The maintenance team is part of the plant team--and as such, they need to step up and do their part and check things when asked. Have them show you the drawings from the Maintenance Manuals where the seals and insulation would be present in the Load Tunnel and the aft wall of the exhaust compartment and they will quickly realize, "Oh, there could be a problem there...." Operations and Supervision and Management should be holding all the teams (Operations, Instrumentation & Controls, and Maintenance) accountable and asking them to participate in the troubleshooting. Again, the simple act of having them show other members of the plant team what the seals look like in the exhaust compartment and Load Tunnel and Load Compartment can very often be enlightening to the maintenance team--and to everyone participating in the troubleshooting (especially the Management team...).

I think you don't really understand how the air is circulated from the Load Compartment Ventilation fans into and through the Load Tunnel, especially when the unit is running. AND, most people don't understand how high the temperatures can be in the #2 Bearing area in the Load Tunnel when the unit shuts down and the Load Compartment Ventilation fan(s) shut down. It gets VERY hot when there's little or no air circulation in the Load Compartment/Load Tunnel. VERY HOT. Unless there have been some MAJOR changes to air flow from the Load Compartment Ventilation fans on GE-design Frame 6B heavy duty gas turbines (and THAT'S always a possibility when GE Belfort is involved...!) there really isn't, historically, any air directed into the Load Tunnel when the unit is running. It's pretty much the rotation of the shaft that helps "rotate" the air in the Load Tunnel and temperature differentials that help to move air into and around and out of the Load Tunnel. I have even seen some 6B machines that have expanded metal coverings over the entrance to the Load Tunnel--and that actually slightly inhibits air flow into and out of the Load Tunnel. AND, if the flex seals of the aft wall of the exhaust area are leaking into the Load Compartment then that hot air is being circulated in the Load Compartment before it's forced out of the Load Compartment.

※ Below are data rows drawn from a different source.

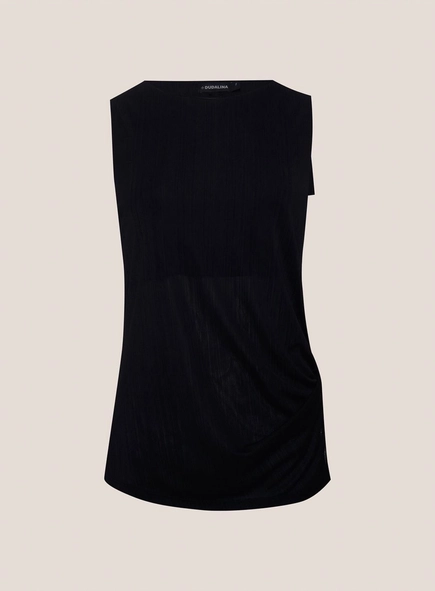 blusa sabrina dudalina cj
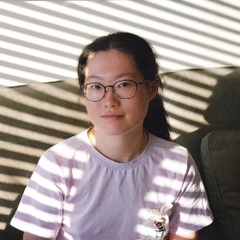 Yantian Huang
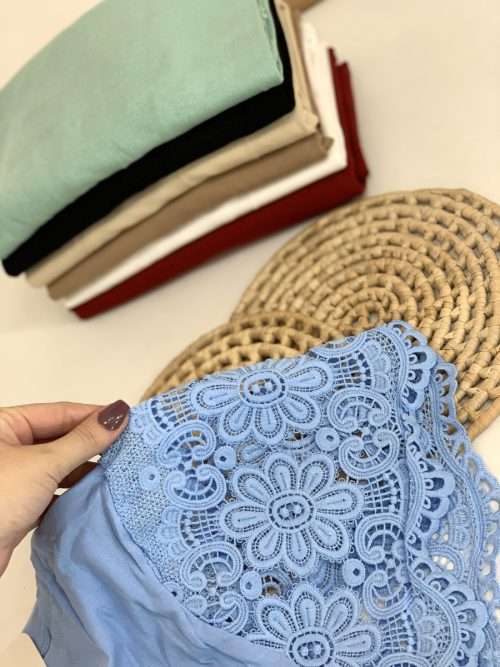 60E4443B-8CDD-4855-8A26-4F61B770195B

But, if you want to get more help from the maintenance team and more buy-in from Operations, Supervision and Management you need to have data--actionable data. And the best way to get that is by measuring temperatures in the #2 Bearing area (and don't forget to also measure the temperatures as the machine coasts down to zero speed, and while it's on Cooldown--especially after the Load Compartment Ventilation fans shut down). Actionable data is hard to argue against; conjecture and ideas and estimations are easy to argue against. Get some actionable data, analyze it and then make your presentation to the other members of the plant team and you will seem some action.

OR, you may find that there is an inherent design flaw with the air circulation in the #2 Bearing area and Load Tunnel. In that case, as the owner/operator of the machine you can work on solution(s) with other members of the plant team to reduce temperatures in the area. You can even ask GE to participate in the resolution IF YOU HAVE ACTIONABLE DATA TO SHOW THEM THE TEMPERATURES IN THE AREA ARE NOT AS LOW AS THEY THINK THEY ARE!

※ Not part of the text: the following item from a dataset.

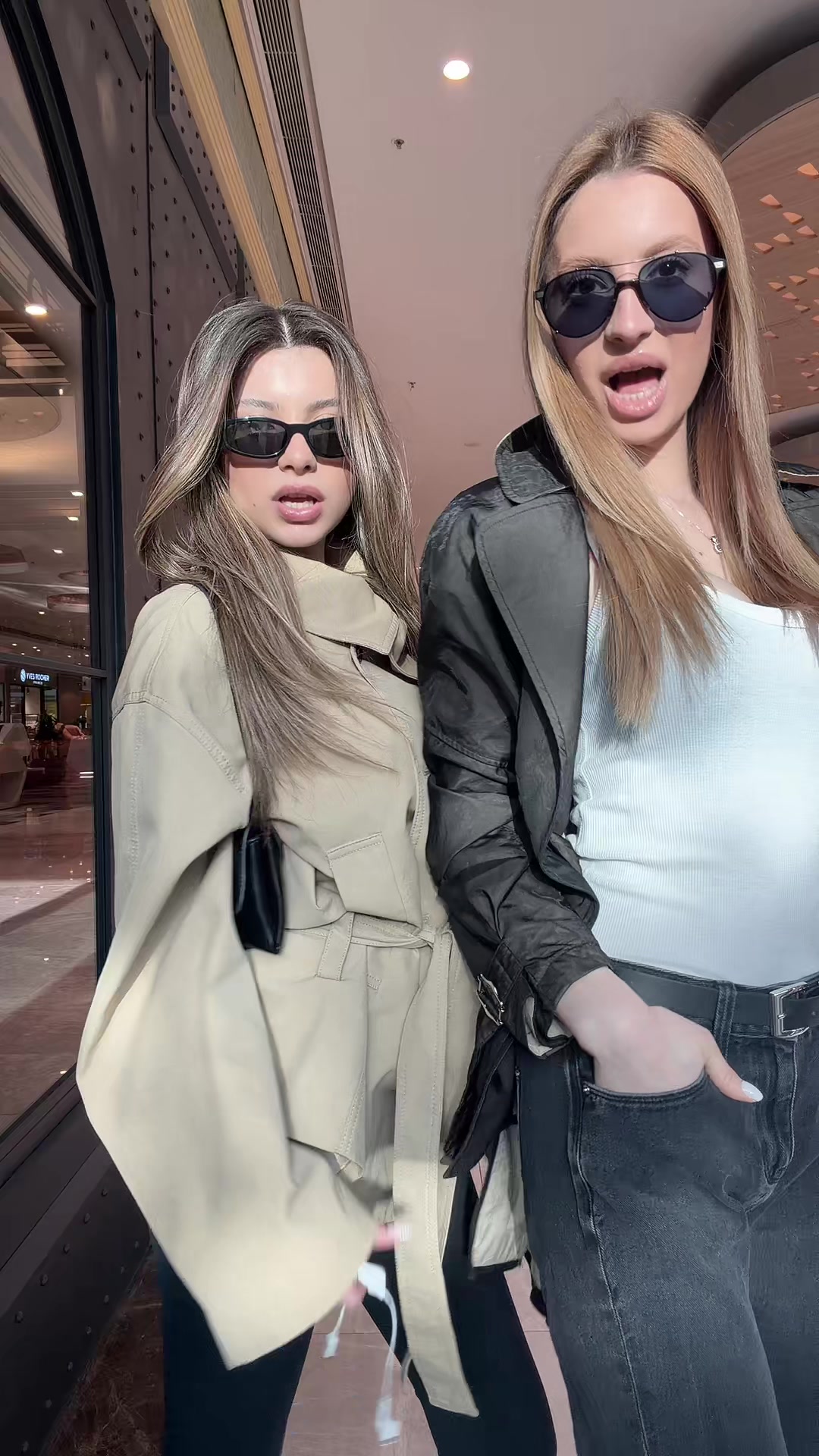 @Nisa Kas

Good luck; plan your work and work your plan. A failure to plan is a plan to fail--especially when you are troubleshooting something like this. Getting the data isn't hard; it's getting the opportunity to install the T/Cs to measure the temperature. Install several, and have the leads easily available outside the Load Compartment so that readings can be taken and recorded on a regular basis--when the machine is running, and when it's being shut down and while it's on Cooldown. You don't need fancy T/Cs with stainless steel sheaths; you just need a few hose clamps to route the leads and position the tips of the home-made T/Cs in a more or less stationary position. If you see large changes when recording the data over time when the the unit is operating more or less stably, then have someone check the T/C tips to make sure they haven't moved or aren't laying against hot metal. (I would even suggest having one or two home-made T/Cs secured to each of the vibration sensors to get the temperatures of them! and not just the area around them.)

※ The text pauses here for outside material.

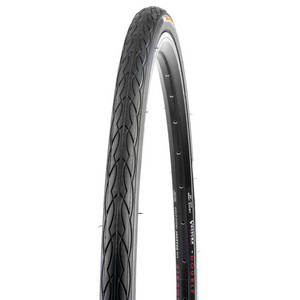 KENDA Kwick Roller Sport 26 x 1.25" Clincher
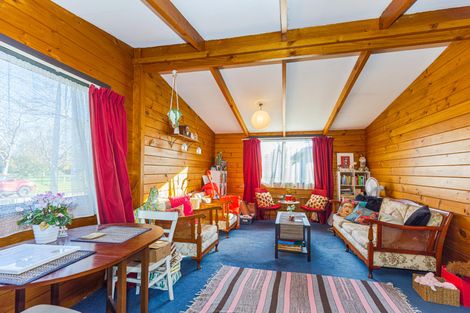 Photo of property in 2 Burmah Street, Aramoho, Whanganui, 4500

Make a plan. Follow the plan. Analyze the data. Present the information to the other members of the Plant Team. And take appropriate action.

(Personally, I don't think changing the type of cabling is going to make that much of a difference. You can always ask the supplier of the sensors for help with the problem--but you gotta have actionable data to show them. Thoughts and estimates and feelings are NO substitute for actionable data.)

Let us know how this goes!

 

SOME GE-design heavy duty gas turbines (non F-class machines with hot end drive) have multiple T/Cs installed in the Load Tunnel area to continuously measure temperature in the area. Your machine may or may not have them installed, but if they are you need to look at the proper P&ID to see if they are installed on your machine, and if they are, you can monitor and trend them very easily.